Elle mouilla la colle, ferma soigneusement, mit l’adresse: «Vicomte de Martelet, 240, rue Miromesnil,» puis, rendant la carte au baron:

—Maintenant, voulez-vous avoir la complaisance de jeter ceci dans la boîte aux télégrammes?

Le Rendez-vous a paru dans l’Écho de Paris du samedi 23 février 1889.

LE PORT.

I

Sorti du Havre le 3 mai 1882, pour un voyage dans les mers de Chine, le trois-mâts carré Notre-Dame-des-Vents rentra au port de Marseille le 8 août 1886, après quatre ans de voyages. Son premier chargement déposé dans le port chinois où il se rendait, il avait trouvé sur-le-champ un fret nouveau pour Buenos-Ayres, et, de là, avait pris des marchandises pour le Brésil.

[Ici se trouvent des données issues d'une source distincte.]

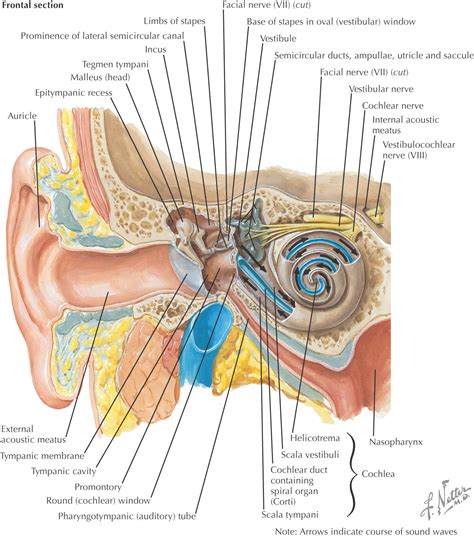 Auditory canal function - bezypars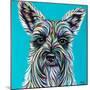 Colorful Schnauzer-Carolee Vitaletti-Mounted Art Print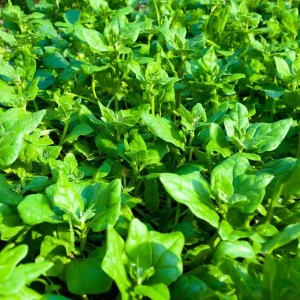New Zealand Spinach Seeds - 50 Heat-Tolerant, Easy-Grow Vegetable Seeds - Image 2
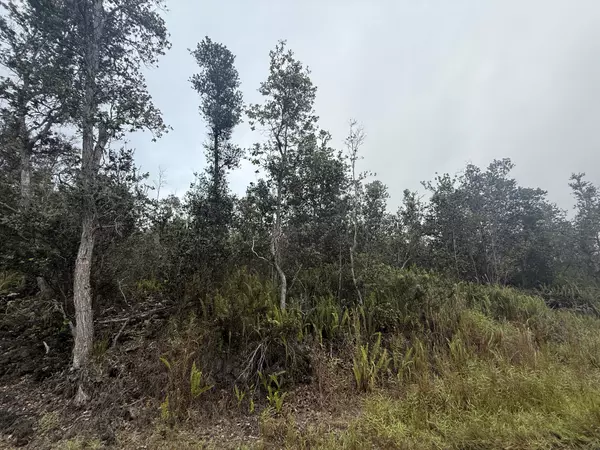 Ocean View, HI 96737,92-9170 TREE FERN LN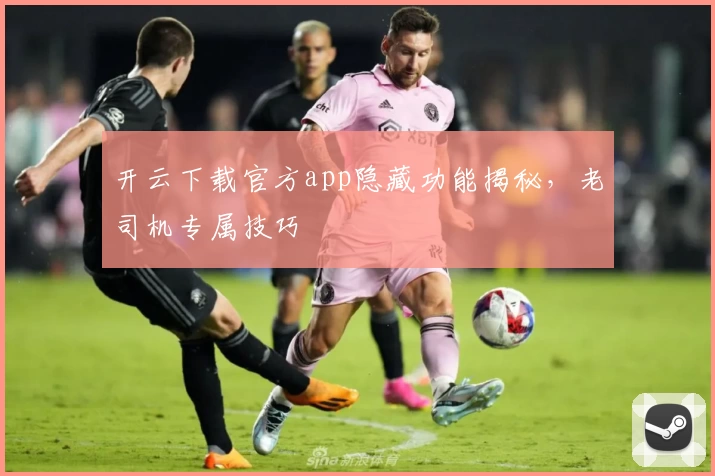 开云下载官方app隐藏功能揭秘，老司机专属技巧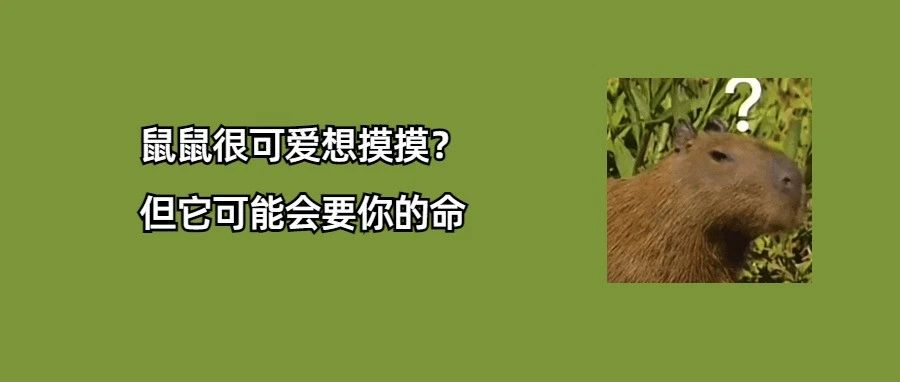 危险！警惕鼠疫！尤其是这些旅客......请直接拒绝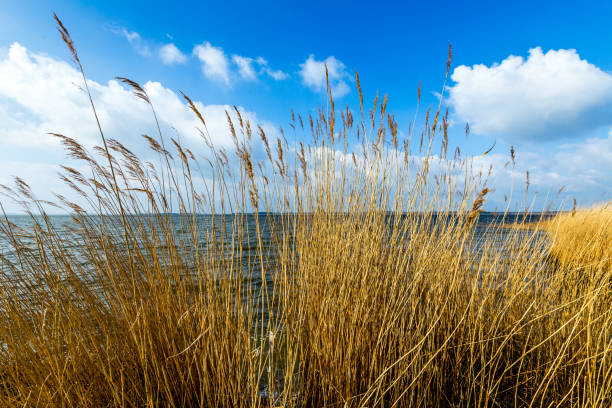 reed grass with clear blue sky  at the backwater sea in Usedom
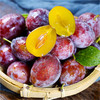 HYOJOO智利西梅新鲜水果精选当季时令水果礼盒装 精选智利西梅 5斤礼盒装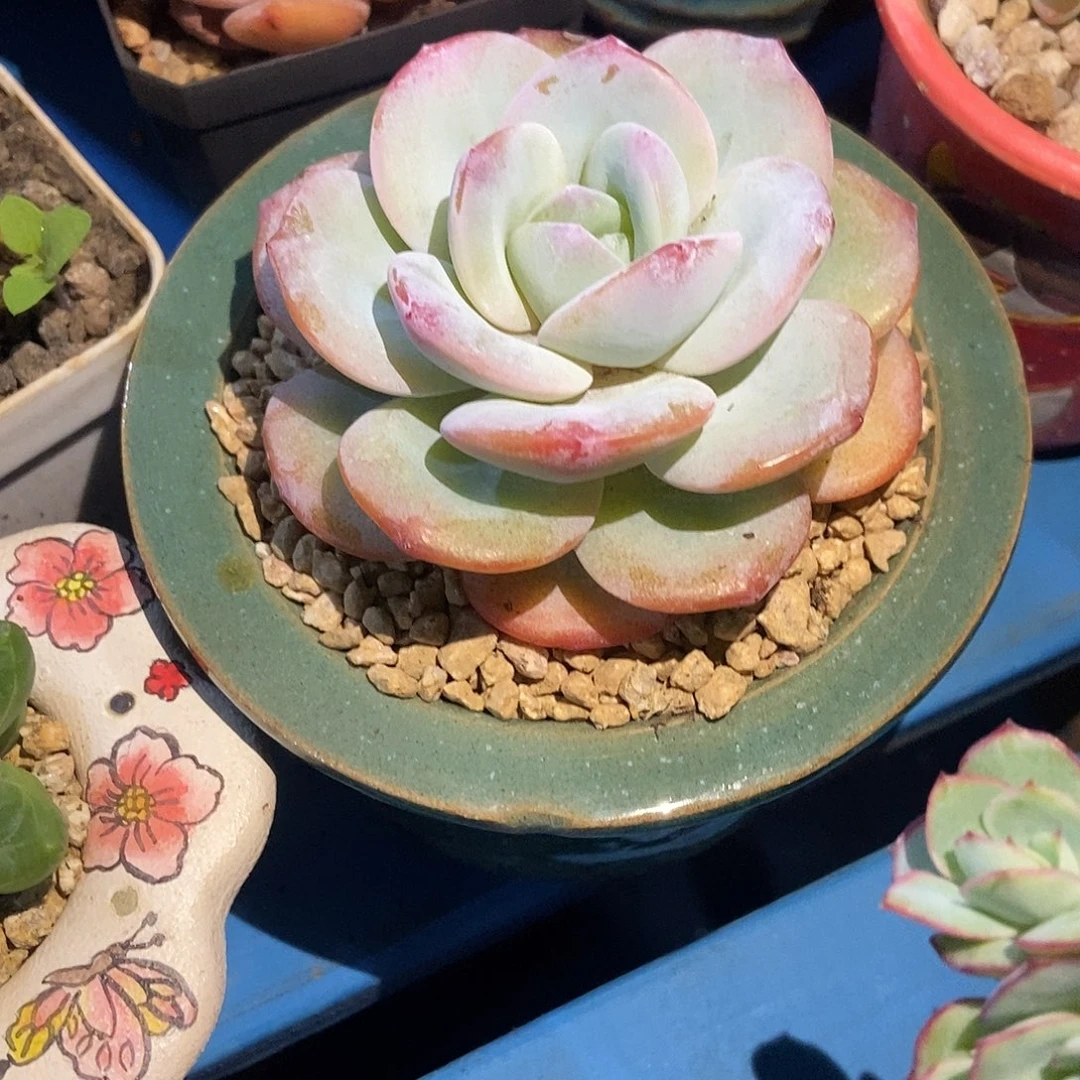 奶油泡芙杂交模特一物一拍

D’autres traversées, encore des avaries, des réparations, les calmes de plusieurs mois, les coups de vent qui jettent hors la route, tous les accidents, aventures et mésaventures de mer enfin, avaient tenu loin de sa patrie ce trois-mâts normand qui revenait à Marseille le ventre plein de boîtes de fer-blanc contenant des conserves d’Amérique.

Au départ il avait à bord, outre le capitaine et le second, quatorze matelots, huit normands et six bretons. Au retour il ne lui restait plus que cinq bretons et quatre normands, le breton était mort en route, les quatre normands disparus en des circonstances diverses avaient été remplacés par deux américains, un nègre et un norvégien racolé, un soir, dans un cabaret de Singapour.